Creating a Sustainable Future through Smart Infrastructure

The need for sustainable and resilient infrastructure has never been greater. With smart infrastructure, we’re creating an ecosystem that connects the physical world with the digital world. Data-driven decision making empowers customers to make energy systems and processes in buildings and industries more efficient and sustainable. We’re transforming the ordinary to create a better tomorrow.

IoT (Internet of Things) has changed the landscape of connectivity. It’s no longer limited to computers and mobile devices, but can be found in everyday items like televisions, watches, alarm clocks, and cars. This is a unique opportunity to use technology to improve our lives. IoT plays a critical role in developing smart infrastructure for cities to benefit from the advantages of being smart. Increasingly, companies and institutions are implementing these infrastructures to improve citizens’ lives. The global market for smart cities is expected to reach 1.56 billion dollars by 2025.
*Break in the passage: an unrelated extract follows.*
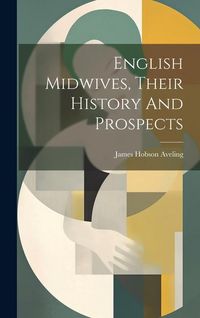 Produktbild: English Midwives, Their History And Prospects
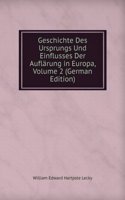 Geschichte Des Ursprungs Und Einflusses Der Auflarung in Europa, Volume 2 (German Edition)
What is Smart Infrastructure?

Smart infrastructure can be defined as a cyber-physical system that integrates all its components through technology tools to analyze data and meet efficiency, sustainability, productivity, and safety goals. The Royal Academy of Engineering in the UK further defines it as a smart system that uses a data feedback loop to improve decision making. It monitors, measures, analyzes, communicates and acts on data collected by sensors. Smart infrastructure is not just physical (cabling, sensors, etc.), but also based on four principles: data, analytics, feedback, and adaptability.

Types of Smart Infrastructures Smart city infrastructures can be divided based on human participation in decision making. Based on control or automation level, the Royal Academy of Engineering in the UK categorizes them into semi-intelligent, intelligent, and smart.
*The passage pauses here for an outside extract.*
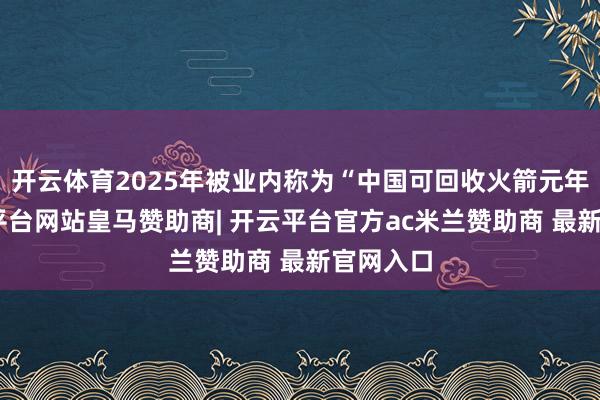 开云体育2025年被业内称为“中国可回收火箭元年”-开云平台网站皇马赞助商| 开云平台官方ac米兰赞助商 最新官网入口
Semi-Intelligent: Collects data but has no decision-making ability. Examples are pollution maps or traffic maps.

Intelligent: Collects data to process and present information to help humans make decisions. An example is a traffic system that detects heavy traffic and informs drivers.

Smart: Collects data, processes information, takes action autonomously, adapts to changing conditions. Examples are smart networks, smart buildings, smart public infrastructure, and smart beaches.
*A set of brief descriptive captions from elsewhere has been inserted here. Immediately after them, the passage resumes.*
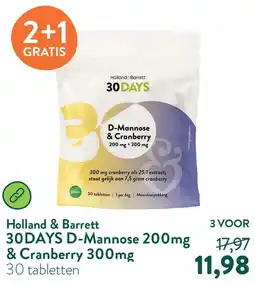 Holland & Barrett 30DAYS D-Mannose 200mg & Cranberry 300mg aanbieding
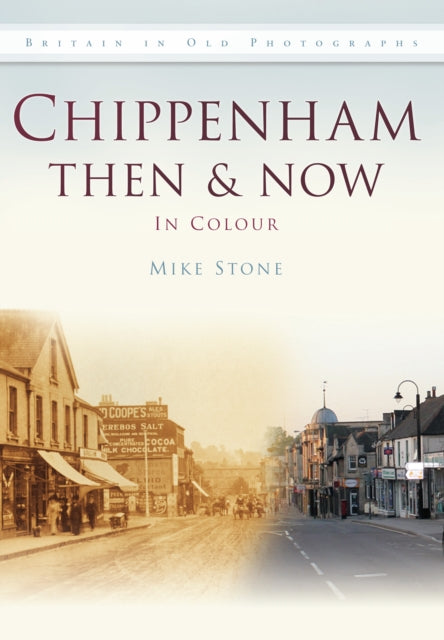 Chippenham Then & Now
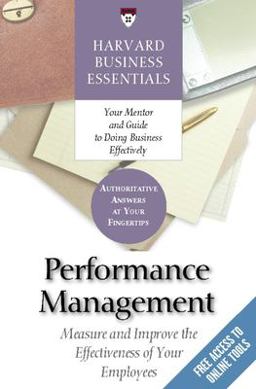 Performance Management Measure and Improve the Effectiveness of Your Employees  9781591398424 Front Cover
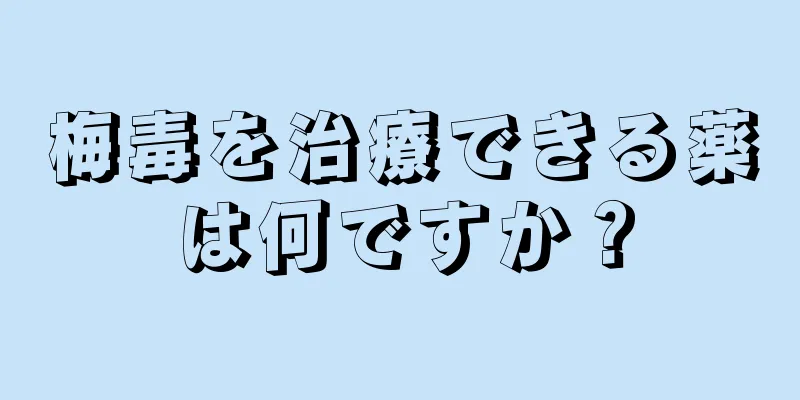 梅毒を治療できる薬は何ですか？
Smart Networks: Efficiently incorporate behavior and actions of all connected users for a high-quality and safe supply. Example is an automated and integrated high-voltage energy transmission network. Smart Buildings: Advanced installation and technology systems for automation of internal processes, such as heating, ventilation, lighting, security, and more. Smart Public Infrastructure: Electronic devices that transmit information to improve their own functioning or behavior of related systems. Smart Beaches: Projects like Telefonica’s in Spain use sensors, drones, smart parking, and traffic lights to provide real-time information and improve beach experiences.